Guerre de succession chez les crevettes

Rencontre tendue entre deux ouvrières de la crevette sociale Synalpheus regalis
(photo J. E. Duffy).

De petits royaumes sous-marins logés dans d’étranges châteaux... Ainsi vivent les crevettes du genre Synalpheus, crustacés sans gêne qui squattent les parties creuses des éponges. Ces crevettes ont la particularité d’être eusociales, c'est-à-dire qu'à la manière des fourmis ou des termites, elles forment des colonies au sein desquelles la division des tâches est si poussée qu’une partie seulement des individus se reproduit. C'est le rôle des « reines », tandis que les « ouvrières » s’occupent des autres tâches comme les soins aux jeunes et la collecte de nourriture. Certaines, aux pinces plus développées que les autres, jouent le rôle de « soldats » en repoussant les intrus qui s’aventurent dans leur éponge. 

Pour éclairer le fonctionnement de ces sociétés aquatiques, des chercheurs américains ont voulu savoir si les ouvrières pouvaient devenir reines ou si les rôles étaient attribués à vie. L’espèce étudiée s’appelle Synalpheus elizabethae et vit dans des éponges peuplant les eaux chaudes du Panama. Son hôte lui offre non seulement une bonne protection mais aussi de la nourriture grâce aux bactéries qui pullulent le long de ses parois.
L'éponge Lissodendory colombiensis, forteresse et garde-manger des crevettes sociales Synalpheus elizabethae (photo Chris Freeman, STRI).

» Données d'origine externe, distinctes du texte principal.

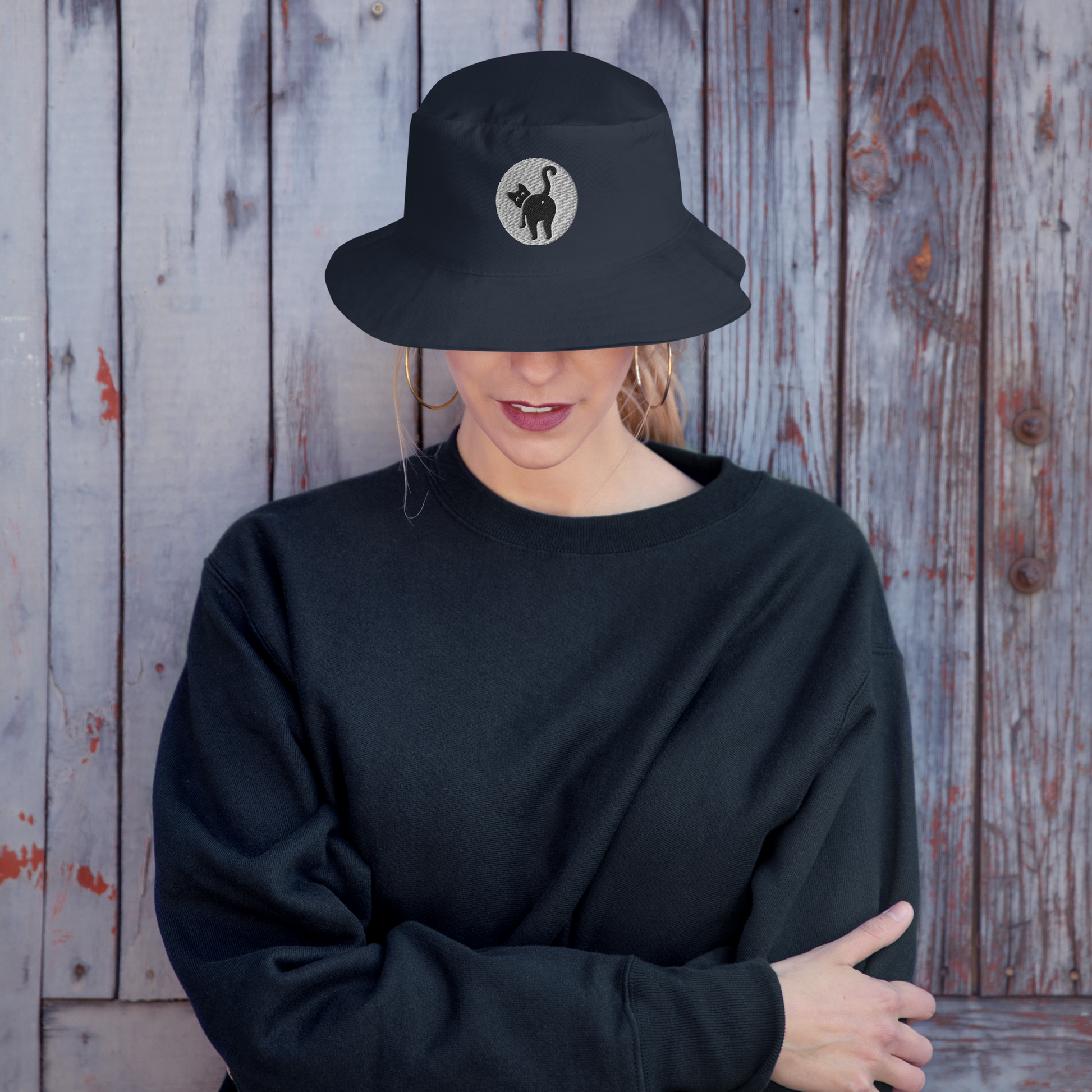 Person wearing a black bucket hat with a logo and a black sweatshirt against a wooden background - navy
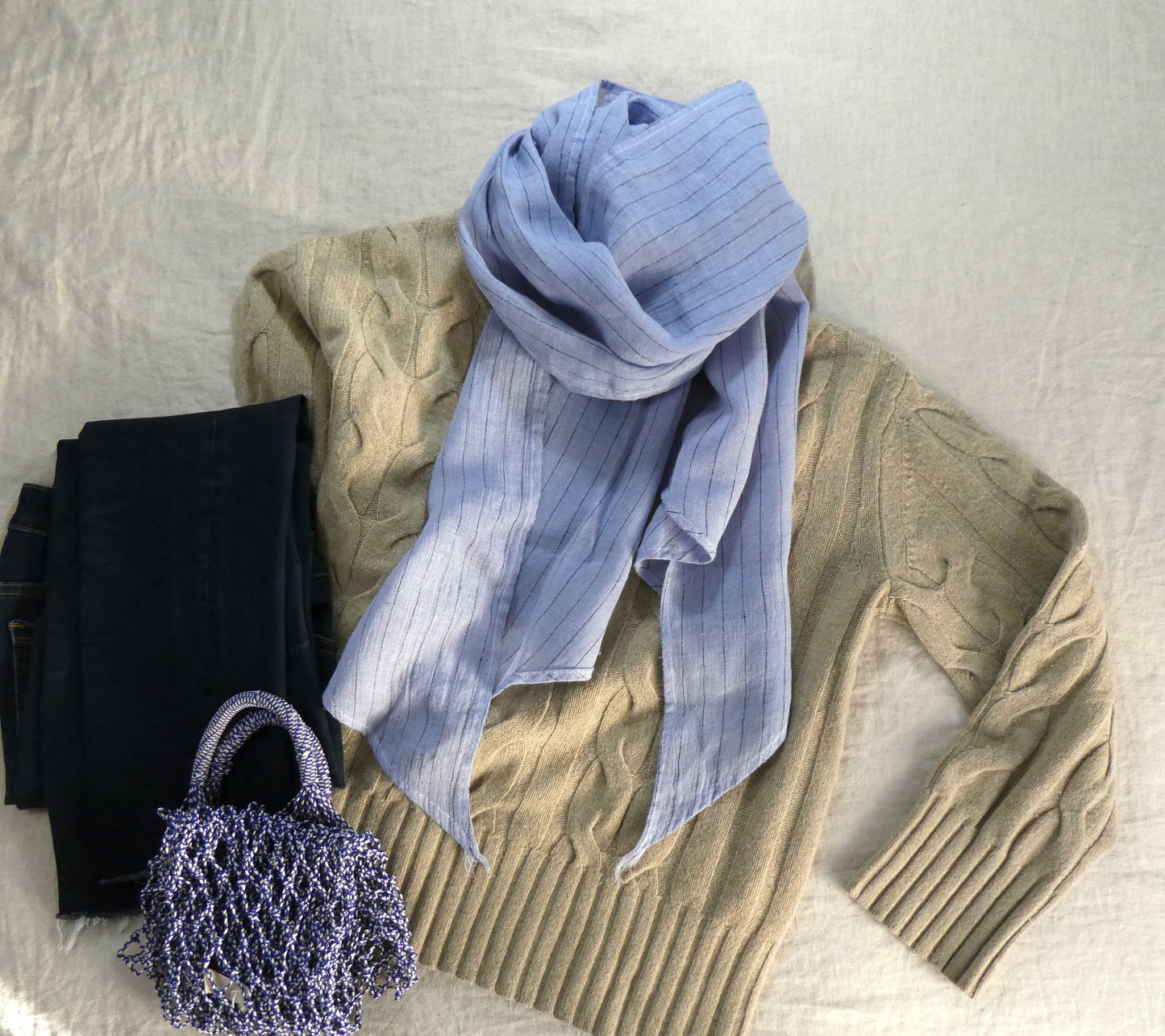 Light blue linen scarf with outfit lay flat display.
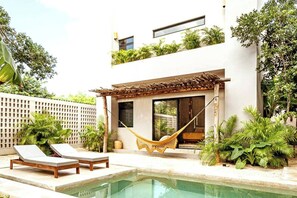 Una casa moderna con piscina, dos sillones de descanso, una hamaca y abundante vegetación.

Ainsi nourries et logées, les colonies réunissent une reine et parfois plus de 300 ouvrières mâles et femelles. Mais en dépit de ces « castes » bien distinctes, les biologistes ont découvert qu’aucune ouvrière n’était réellement stérile. En revanche, la présence royale empêche la plupart des femelles d’atteindre leur maturité sexuelle, sans doute par l'émission de phéromones inhibitrices. Si la reine disparaît, l’une des ouvrières prendra sa place et s’accouplera avec les mâles. L’accession au pouvoir ne se fait toutefois pas sans heurts. Le nombre d’agressions entre ouvrières augmente nettement après la disparition de la reine, signe d’une compétition acharnée pour devenir calife à la place du calife.
Une femelle de l'espèce étudiée, S. elizabethae (photo J. E. Duffy).

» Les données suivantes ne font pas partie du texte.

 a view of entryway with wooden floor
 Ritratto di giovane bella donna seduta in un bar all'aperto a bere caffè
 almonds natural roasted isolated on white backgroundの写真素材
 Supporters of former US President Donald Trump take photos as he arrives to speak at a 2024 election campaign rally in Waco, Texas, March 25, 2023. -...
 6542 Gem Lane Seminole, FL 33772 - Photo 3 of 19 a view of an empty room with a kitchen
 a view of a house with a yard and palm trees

Le statut reproductif des ouvrières chez ces crevettes sociales et leur lutte pour succéder à la reine rappelle ce que l'on observe chez les rats-taupes, dont deux espèces sont les seuls mammifères eusociaux connus. Cette organisation se distingue néanmoins de celle des insectes sociaux où la stérilité des ouvrières est souvent irréversible. En approfondissant ce type de comparaison, les biologistes espèrent mieux comprendre les origines de l’eusocialité, qui serait apparue 22 fois indépendamment au cours de l'évolution (17 fois chez les insectes, deux fois chez les mammifères, et trois fois chez les crevettes). Les mécanismes responsables de cette étonnante convergence évolutive ne cessent en effet d'intriguer depuis Darwin lui-même, déstabilisé par l'existence d'individus stériles dans les sociétés d'insectes, jusqu'aux biologistes actuels, encore engagés dans d'âpres débats sur le sujet.


Référence : Chak S. T. C., Rubenstein D. R., Duffy J. E. 2015 - “Social control of reproduction and breeding monopolization in the eusocial snapping shrimp Synalpheus elizabethae”, The American Naturalist 186 (doi: 10.1086/683132).